"I feel funny..." Helping Kids Process Grief.

“I feel funny.” This has been the catchall phrase that my oldest daughter uses to describe the way she feels, when she can’t pinpoint exactly how it is that she feels. She only knows that emotionally, she’s doesn’t really feel well. She feels “funny.” At one point, she drew out what feeling funny meant. She drew a picture of three faces, one sad, one mad, and one scared. I asked her what each of the three faces needed. She said one needed a glass of water, one needed a hug, and the other needed a kiss (translation-love). She has fears about me dying, about her dying, and sadness over her dad’s death… She just turned 5 years old, and although it’s been nearly 3 years since her father’s death, at each stage in her life, I have watched her process and integrate what the loss means to her.

 

I’ve learned that the most important and effective thing I can do is be a loving presence, there to listen without imposing my worry or guilt about her feelings (and therein lies the work for me)… I can reassure her that what she is experiencing is natural given the nature of what she has experienced. I let her know that she is not all alone in her fears and sadness, that these are universal experiences, and a part of grieving. And that all kids who have lost a parent in their life, will no doubt have lots of questions and fears about death, and sadness over the loss.  I’ve also found that creating time and space just to explore and understand her feelings has been really helpful. I answer questions about death as honestly and simply as I can (at an age appropriate level). I have a wonderful grief workbook called, Grief Encounter, by Shelley Gilbert, for children to do with their parents that has been an incredible resource. And for the past several weeks, we have been working on it on her days off from preschool, when her little sister is napping. Also, I encourage her to creatively express herself (what does "feeling funny" look like?), through the medium that she prefers most, ie drawing, painting, dancing, writing, so that she has a healthy outlet for her feelings and experiences.  I also encourage her to call on her daddy in heaven for guidance and support during the times when she misses him and feels sad. I also encourage her to pray for extra spiritual support, and as a part of her bedtime routine, I've gotten in to the practice of saying my own heartfelt prayers aloud to model what cultivating that spiritual relationship could look like. And I find it really helpful to process whatever grief arises within me in response to her feelings, this keeps me in a centered and healthy inner-space so I can best help her. And when I told her that there are groups of kids who meet to play and share their experiences (bereavement support groups), that have all lost a parent, she was so excited. She wanted to go right then and there! So, I'll be checking into that for her next. And my youngest daughter who is nearly 2 ½ is just now beginning to ask questions about her daddy, so I'll just take it as it comes with each little one.

 

And whenever I feel stuck in how to respond to my daughter when she shares her grief, I ask myself how I would like someone to respond to me if I were experiencing fears, sadness, or anger over a death. I would appreciate emotional validation, hugs, love, reassurance, and a chance to talk about and understand my feelings so that I don’t feel lonely or stuck in them. And I trust that this is my path, this is her path, and that we will both grow through it together.

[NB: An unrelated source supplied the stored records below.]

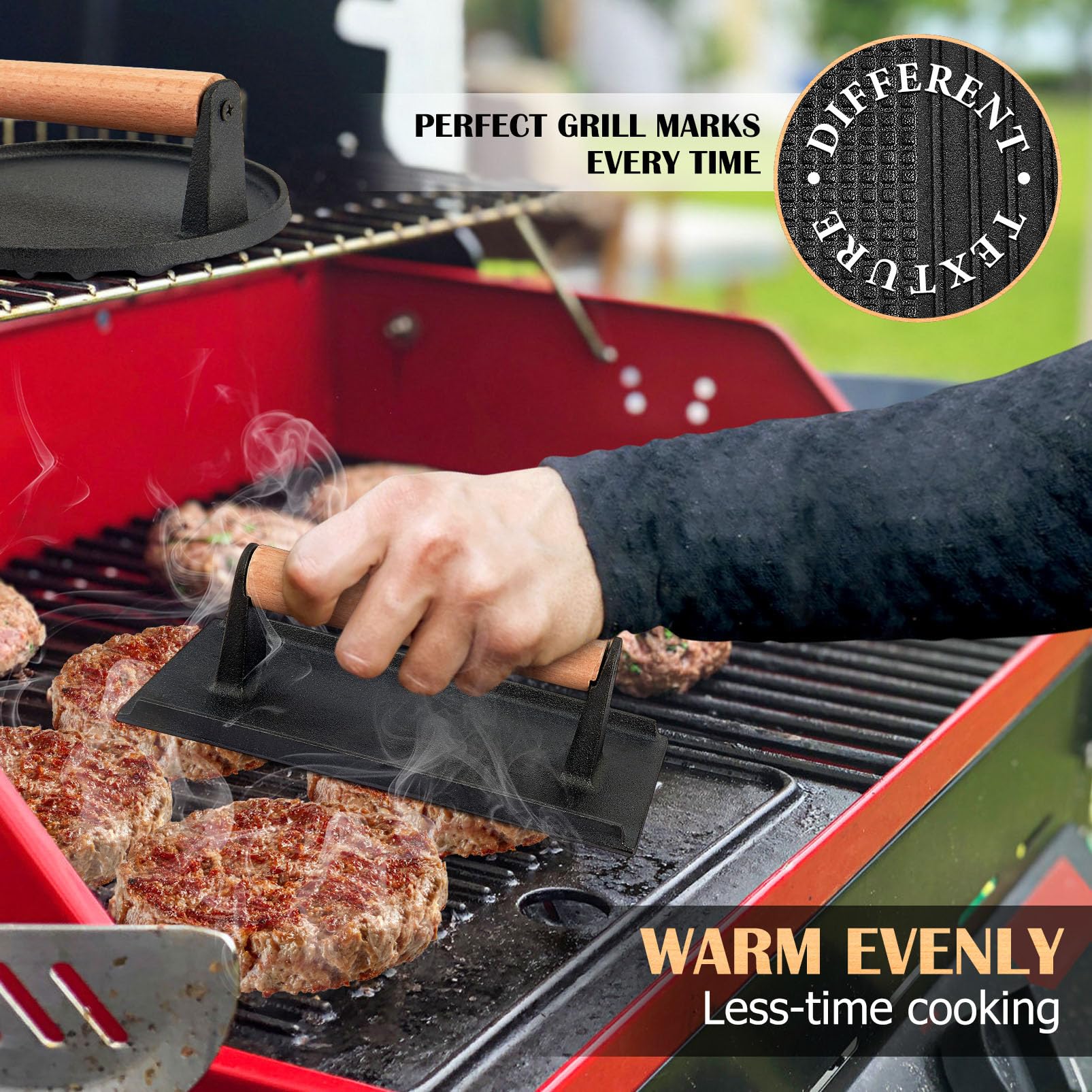 2Pcs Cast Iron Burger Press Set (Rectangular & Round) - Heavy Duty Smash Grill Press for Hamburgers, Steak & Bacon - Professional BBQ & Teppanyaki Cooking Accessories - Perfect for Grilling, Panini Press & Outdoor Cooking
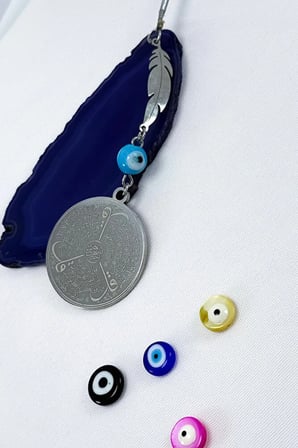Yaprak Mavi Nazar Boncuklu Komple Çelik Çift Taraflı Ayetel Kürsi Felak Nas Ihlas Araba Ayna Süsü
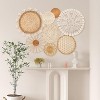 Attop Boho Wall Basket Decor Set of 8 - Flat Woven Basket Wall Hanging Decor,Round Tassels White Macrame Tapestry Wall Decor Art - 2 of 4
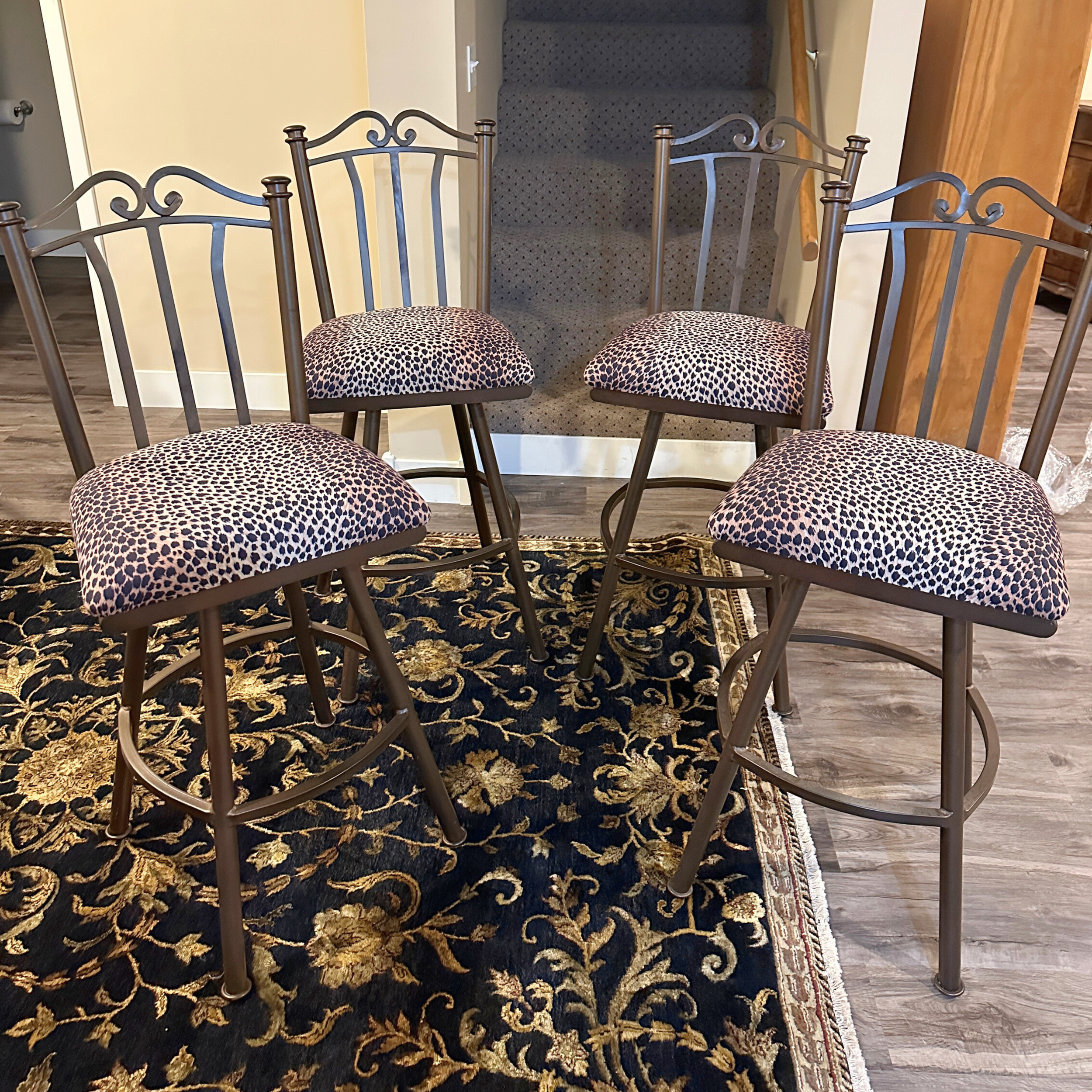 Swivel Counter Height Stools with Leopard Fabric (set of four)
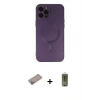 MARSİLYAN™- iPhone 12 Pro Max Kılıf Akış Minimal Özel Seri - Siyah Joko Magic 5D Hayalet Cam + Shine Kamera Lens Koruma Cam - SABE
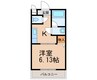 パイン フィールド 1Kの間取り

I wrote this blog almost one year ago, and am happy to share that Ava has successfully integrated the grief that she experienced so heavily last year. The methods that I describe in this blog really worked for our family!

"Where do we go when we die?" Answering the questions kids ask.

.“I don't want to die,” “I don't want you to die,” “I'm scared to die,” “Can I take my stuffed puppy with me when I die? I think Amelie will take her favorite blankie,” “I miss daddy.” The latest questions and conversations from my nearly four year old daughter. Death has become something very real in our family. It has been nearly two years since my husband died and my daughter's understanding of what it means to die changes as she gets older. In the beginning, I explained death through the spiritual lens only. Daddy is free as a bird now, he's like an angel watching over you, available to you at all times in spirit. While also being real about how sad those of us feel who are left behind, who also feel his physical absence. No daddy to hug, go on dates with, cuddle with... And then explaining that death is beautiful, we are completely free, returning to the place we left before we were born, pure love, pure light, peace, and joy. Pure God. “I can't wait to die,” she says after I explain the beauty in the transition to death. Hold on, I tell her, there is much beauty and purpose we have here on Earth before we die. And I tell her I feel like I'm not going to die until I'm old, which is truly how I feel, but then I also tell her that none of us die until it's our time, until our spirit is ready. She seems satisfied with these answers. But death is on her mind. I leave the door open for conversation. At such a tender age, feeling her way through understanding the very real questions that all of us have about what it means to live and what it means to die. To live with this truth of both our immortal and mortal reality, well, I think it helps us live more fully, with greater meaning. These are the questions people have been asking since the beginning of time... As we move through our own fears about death, we will be more prepared to answer these kinds of questions posed by our children from an honest, heartfelt space.